* YOUR ASSIGNMENT *
Write out exactly the lines below that run from the one containing "Salomon XT-6 Moonscape Plum Kitten 착용 스타일" through the one containing "Alleenstaande woning met", both included, with no other lines.

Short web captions
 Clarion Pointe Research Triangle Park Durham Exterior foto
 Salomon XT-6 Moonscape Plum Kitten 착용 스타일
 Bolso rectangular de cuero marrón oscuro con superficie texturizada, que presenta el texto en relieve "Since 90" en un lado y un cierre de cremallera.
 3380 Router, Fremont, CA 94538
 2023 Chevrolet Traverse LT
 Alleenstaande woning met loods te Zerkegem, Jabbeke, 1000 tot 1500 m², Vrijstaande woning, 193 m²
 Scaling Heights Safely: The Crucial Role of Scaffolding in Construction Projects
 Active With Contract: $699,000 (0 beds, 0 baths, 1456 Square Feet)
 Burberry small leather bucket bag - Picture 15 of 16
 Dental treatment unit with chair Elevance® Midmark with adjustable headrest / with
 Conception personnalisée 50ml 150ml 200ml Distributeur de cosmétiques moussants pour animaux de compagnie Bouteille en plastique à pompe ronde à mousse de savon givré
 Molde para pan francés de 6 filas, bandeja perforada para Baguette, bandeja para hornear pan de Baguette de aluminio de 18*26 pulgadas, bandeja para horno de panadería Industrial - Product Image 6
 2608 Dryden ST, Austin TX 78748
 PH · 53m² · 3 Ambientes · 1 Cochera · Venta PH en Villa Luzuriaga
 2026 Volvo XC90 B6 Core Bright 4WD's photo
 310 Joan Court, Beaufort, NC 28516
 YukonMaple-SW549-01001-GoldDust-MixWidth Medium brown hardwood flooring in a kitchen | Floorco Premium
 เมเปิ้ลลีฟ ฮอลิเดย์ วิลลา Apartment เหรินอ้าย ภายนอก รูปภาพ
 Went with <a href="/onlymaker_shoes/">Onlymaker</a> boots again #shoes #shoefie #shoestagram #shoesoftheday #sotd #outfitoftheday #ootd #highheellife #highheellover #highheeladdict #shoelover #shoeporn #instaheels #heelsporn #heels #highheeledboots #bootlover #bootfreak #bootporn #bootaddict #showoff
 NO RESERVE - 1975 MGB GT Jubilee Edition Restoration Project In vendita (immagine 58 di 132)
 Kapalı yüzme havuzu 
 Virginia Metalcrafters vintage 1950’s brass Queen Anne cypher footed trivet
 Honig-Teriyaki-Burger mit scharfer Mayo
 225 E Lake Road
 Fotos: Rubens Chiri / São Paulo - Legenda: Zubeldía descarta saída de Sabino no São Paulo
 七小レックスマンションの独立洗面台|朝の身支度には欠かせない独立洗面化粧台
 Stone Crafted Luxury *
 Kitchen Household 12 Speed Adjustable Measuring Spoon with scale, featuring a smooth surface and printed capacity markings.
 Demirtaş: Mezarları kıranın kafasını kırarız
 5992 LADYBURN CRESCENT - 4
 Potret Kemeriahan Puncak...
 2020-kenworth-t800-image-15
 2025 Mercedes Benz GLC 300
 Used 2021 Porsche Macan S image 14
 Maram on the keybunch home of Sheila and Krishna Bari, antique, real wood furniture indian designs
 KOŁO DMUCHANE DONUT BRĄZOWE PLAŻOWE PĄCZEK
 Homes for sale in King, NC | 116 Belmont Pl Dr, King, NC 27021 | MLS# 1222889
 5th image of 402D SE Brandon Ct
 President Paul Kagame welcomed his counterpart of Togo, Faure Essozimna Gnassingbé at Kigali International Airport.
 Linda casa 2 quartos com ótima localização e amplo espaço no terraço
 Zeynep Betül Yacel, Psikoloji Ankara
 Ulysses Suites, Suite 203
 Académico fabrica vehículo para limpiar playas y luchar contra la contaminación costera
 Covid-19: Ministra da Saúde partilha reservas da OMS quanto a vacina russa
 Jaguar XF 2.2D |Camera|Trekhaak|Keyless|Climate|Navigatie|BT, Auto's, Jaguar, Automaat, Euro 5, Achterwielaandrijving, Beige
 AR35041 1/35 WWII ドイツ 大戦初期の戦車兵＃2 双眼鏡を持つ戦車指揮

* TASK OUTPUT *
 Salomon XT-6 Moonscape Plum Kitten 착용 스타일
 Bolso rectangular de cuero marrón oscuro con superficie texturizada, que presenta el texto en relieve "Since 90" en un lado y un cierre de cremallera.
 3380 Router, Fremont, CA 94538
 2023 Chevrolet Traverse LT
 Alleenstaande woning met loods te Zerkegem, Jabbeke, 1000 tot 1500 m², Vrijstaande woning, 193 m²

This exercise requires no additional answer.